# [Source material]
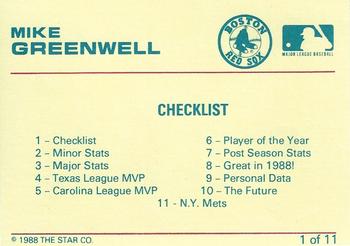 1989 Star Mike Greenwell Red - Glossy #1 Mike Greenwell Back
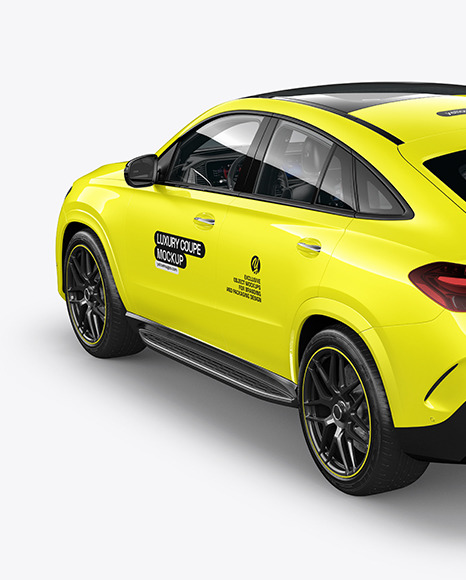 Luxure Coupe Mockup - Back Half Side View
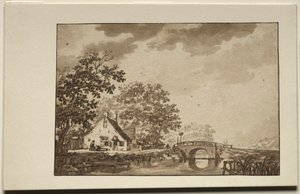 Landschap met huisje en brug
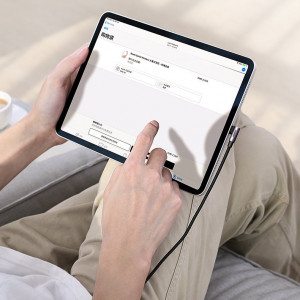 90° кабел за зареждане и данни UGREEN USB Type C към USB Type C Power Delivery 60 W 20 V 3A 2m черен / сив (US255 50125) - Img 3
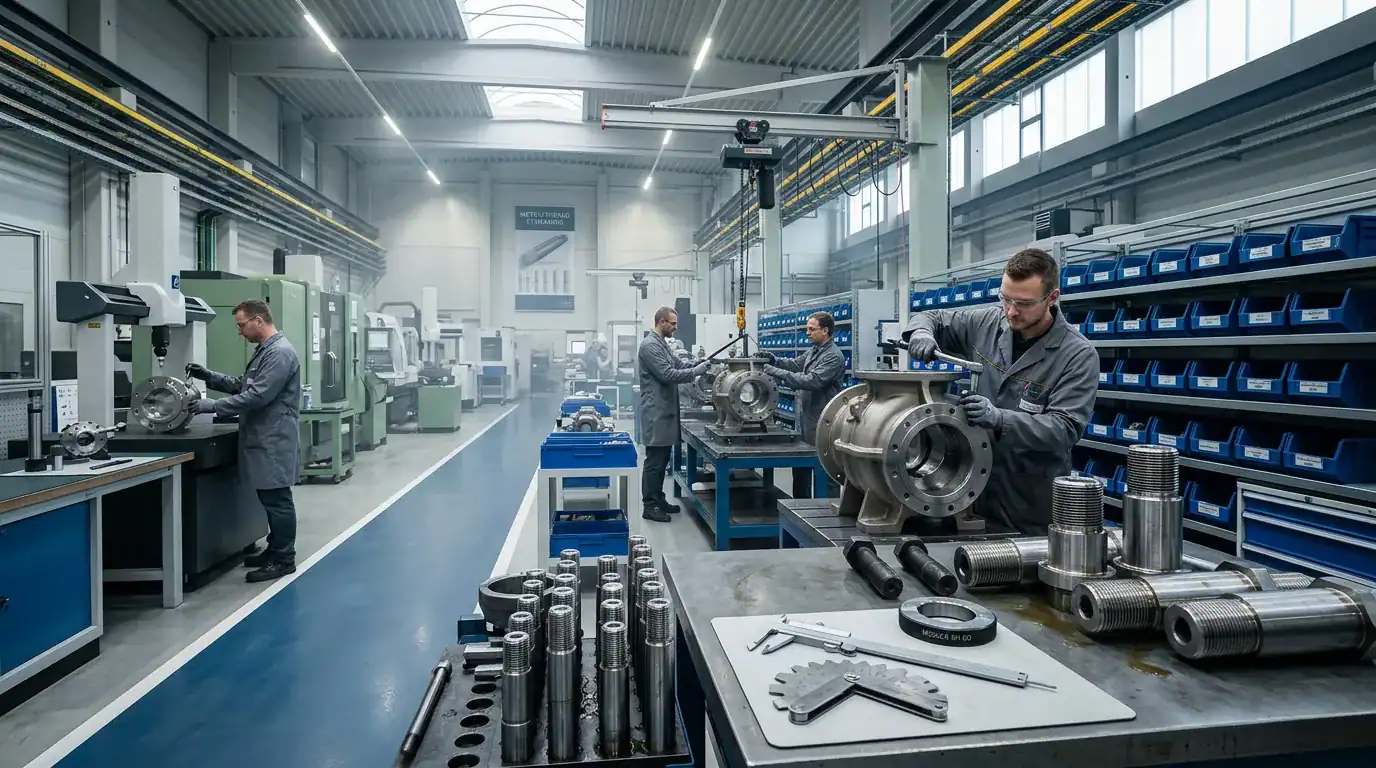 Modern industrial manufacturing facility with workers assembling and inspecting flange bolts and screws in a well-lit, organized factory environment.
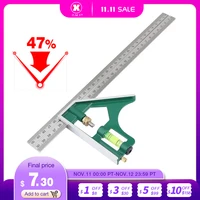 omy 1pc 300mm professional carpenter tools combination square ruler stainless steel protractor multi function measuring tool
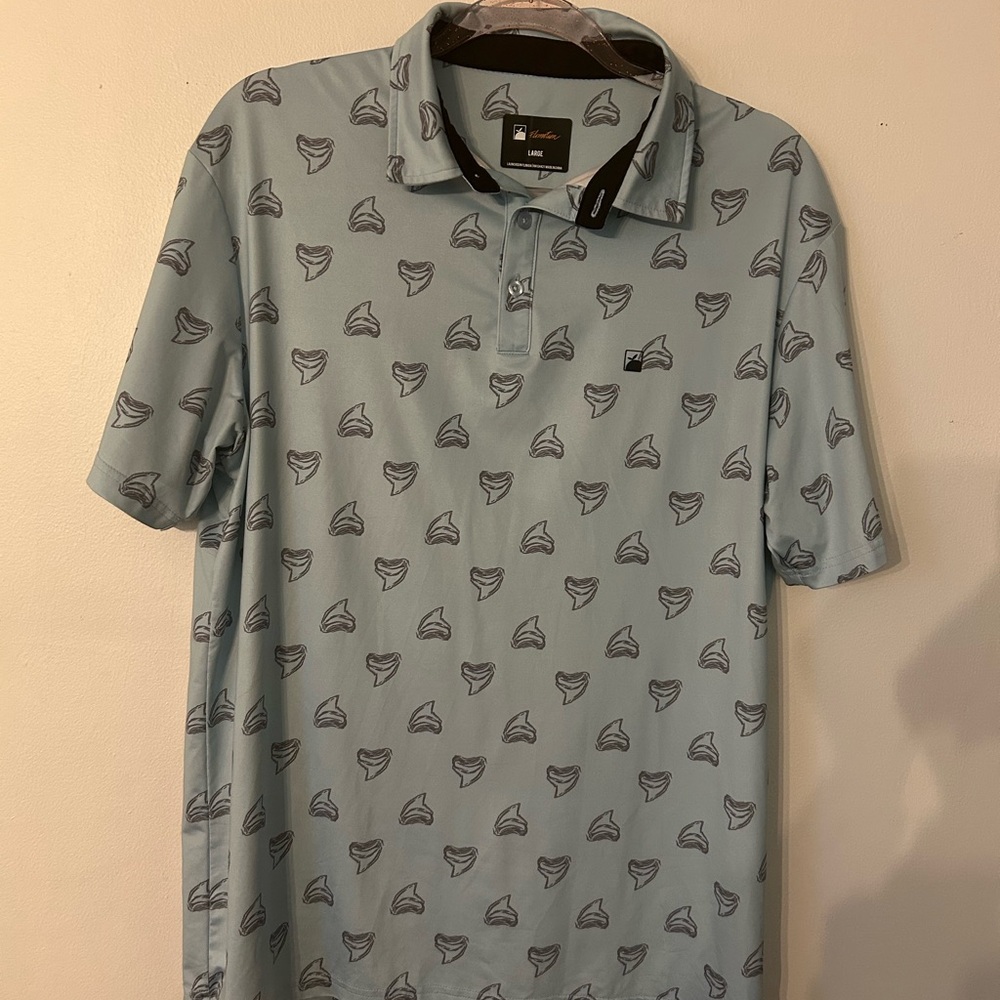 Flomotion Toothy Performance Stylish Polo Shirt with Shark Pattern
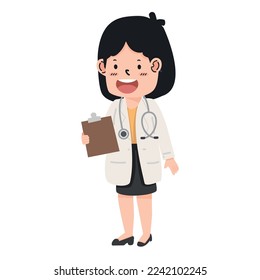 Female doctor  poses cartoon flat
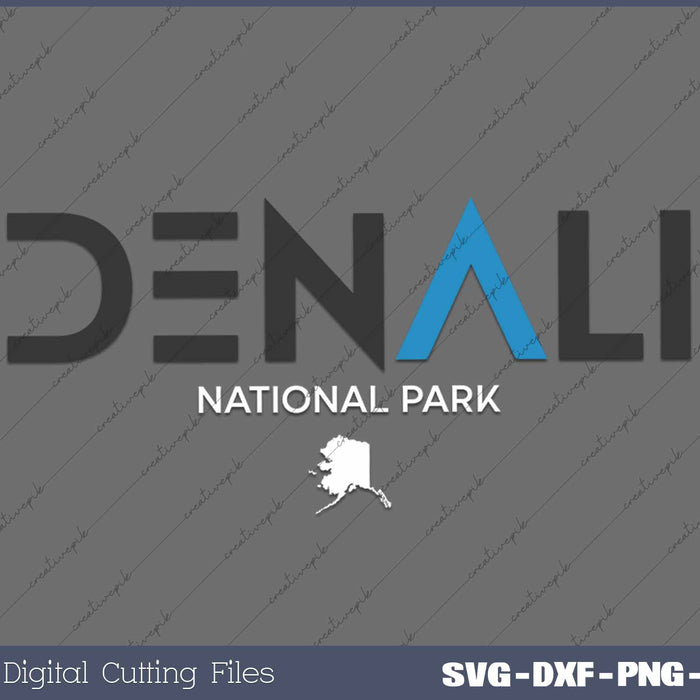 Denali National Park Alaska Tonal Retro Vintage SVG PNG Cutting Printable Files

# [Your task]
Every picture stays out; reproduce exactly the lines from the one with "Flomotion Toothy Performance" through the last line of the data above.

# [Expected answer]
 Flomotion Toothy Performance Stylish Polo Shirt with Shark Pattern
 Female doctor  poses cartoon flat
 Denali National Park Alaska Tonal Retro Vintage SVG PNG Cutting Printable Files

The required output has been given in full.